Rio Earth Summit Offers an Opportunity for Cooperation on Sustainability That We Cannot Afford to Miss

If Rio+20 is to steer us on a path of cooperation rather than conflict and a sustainable future for our children it is vital that David Cameron, Nick Clegg and other world leaders are not afraid to dream.

A 2007 article in the New York Times predicted that climate stress could represent "a challenge to international security just as dangerous - and more intractable - than the arms race between the United States and the Soviet Union during the Cold War or the proliferation of nuclear weapons among rogue states today."

With the global population projected to exceed 9 billion by 2050, climate change reducing scarce resources and environmental degradation ravaging the planet it is easy to see the logic of this thinking. But might not these potential dangers also offer an opportunity? Rather than leading to greater conflict, is it not possible that the growing crisis facing the planet might lead instead to greater levels of cooperation?

This week as world leaders and their representatives gather in Rio for the Earth Summit (Rio+20) hopes are once again pinned on the building of an international consensus that will give our world a sustainable future.

If this is to be achieved there must be a recognition that in our ever more interconnected world, problems faced by some impact directly on us all. Drought, flooding and hunger may occur in distant lands but like the economic crisis, climate change is not a respecter of national borders. In this age where everything is connected to everything, the most important thing about what we can do is what we can do with others.

Negotiations at Rio+20, the largest UN conference in history, will also reflect the changing international order. The world is no longer mono-polar but increasingly multi-polar with power shifting inexorably from the nations around Atlantic seaboard to those around the Pacific Rim.

Over the last decade the Chinese and Indian economies have doubled in size and emerging-markets are booming across Asia, Latin America and Africa.

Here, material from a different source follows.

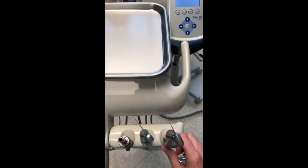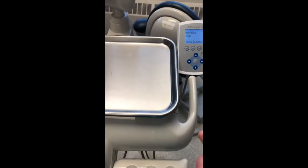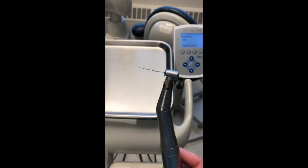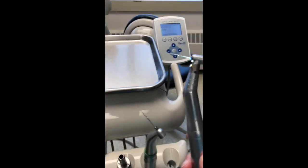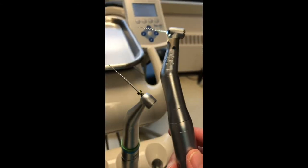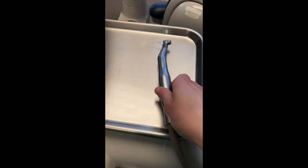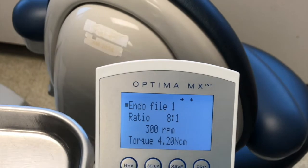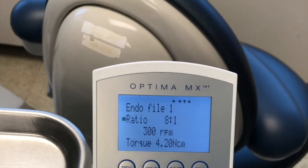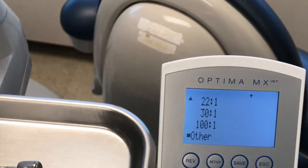Next I'm going to show you how to set up the 1-to-1, if that's the only handpiece you have. This is a 1-to-1 — as you can see, the head is a lot bigger than the 8-to-1, which makes it a little more difficult to see when doing endodontic procedures. If you come over here, you can select endo. The ratio you're going to want to select — you can see it says 8-to-1, but that's not what we have. We want 1-to-1.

The rise of so called middle income countries has meant that a majority of the world's poor no longer live in the world's poorest countries and nearly half of the world's children are now living in towns or cities.

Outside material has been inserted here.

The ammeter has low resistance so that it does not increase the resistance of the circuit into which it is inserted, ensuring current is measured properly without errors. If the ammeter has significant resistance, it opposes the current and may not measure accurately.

These shifts will be mirrored in the Rio negotiations as the middle income BRIC countries of Brazil, Russia, India and China exert their ever growing influence. The 'developing world' will have its strongest voice ever at an international conference that could set the path for global development over the next two decades.

The timing of Rio+20 is particularly important as it comes as discussions start about how to replace the Millenium Development Goals (MDG's) - discussions that will be co-chaired by David Cameron. Reducing the risks of natural disasters was not explicitly referenced in the MDG's. However, a combination of climate change, rapid urbanisation and volatile food prices has lead to an increase in the frequency and intensity of natural disasters. There is an urgent need to invest in helping people adapt to their changing world and the new risks it brings.

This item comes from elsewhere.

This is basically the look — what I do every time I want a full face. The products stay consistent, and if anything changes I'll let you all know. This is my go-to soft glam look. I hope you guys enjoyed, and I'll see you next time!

Right now an estimated 18 million people in the Sahel region of West Africa are being affected by drought, disease and conflict. In 2011 alone UNICEF, the world's leading children's organisation, responded to 292 humanitarian emergencies in 80 countries. Children are always the most vulnerable in such situations typically representing over 50% of those affected by disasters equating to between 100 and 175 million children each year.

This is why helping children to cope with, and avoid being harmed by, disasters must be central to discussions at Rio. How can we create a sustainable future for our planet without first prioritising their protection and development in such a changing world? It will be children and our children's children who will face the consequences of decisions made this week. Their generation will be the ones attending Rio+40, Rio+60 and Rio+80.

Last month I was in Monrovia where I met with Ellen Johnson Sirleaf, Africa's first female President. She talked to me about how investing in her country's children is the best guarantee for Liberia's future and how she and has fought to ensure a child-centred approach in all her government's policy. While I was there President Sirleaf signed a new comprehensive children's law enshrining the principles of the Convention on the Rights of the Child in national law.

This week President Sirleaf will be at Rio with Nick Clegg. She will also be working closely with David Cameron as they co-chair the panel responsible for creating the new set of development goals to replace the Millennium Development Goals which expire in 2015.

In her autobiography President Sirleaf writes: "If your dreams do not scare you, they are not big enough." If Rio+20 is to steer us on a path of cooperation rather than conflict and a sustainable future for our children it is vital that David Cameron, Nick Clegg and other world leaders are not afraid to dream.

This piece first appeared in the Daily Telegraph.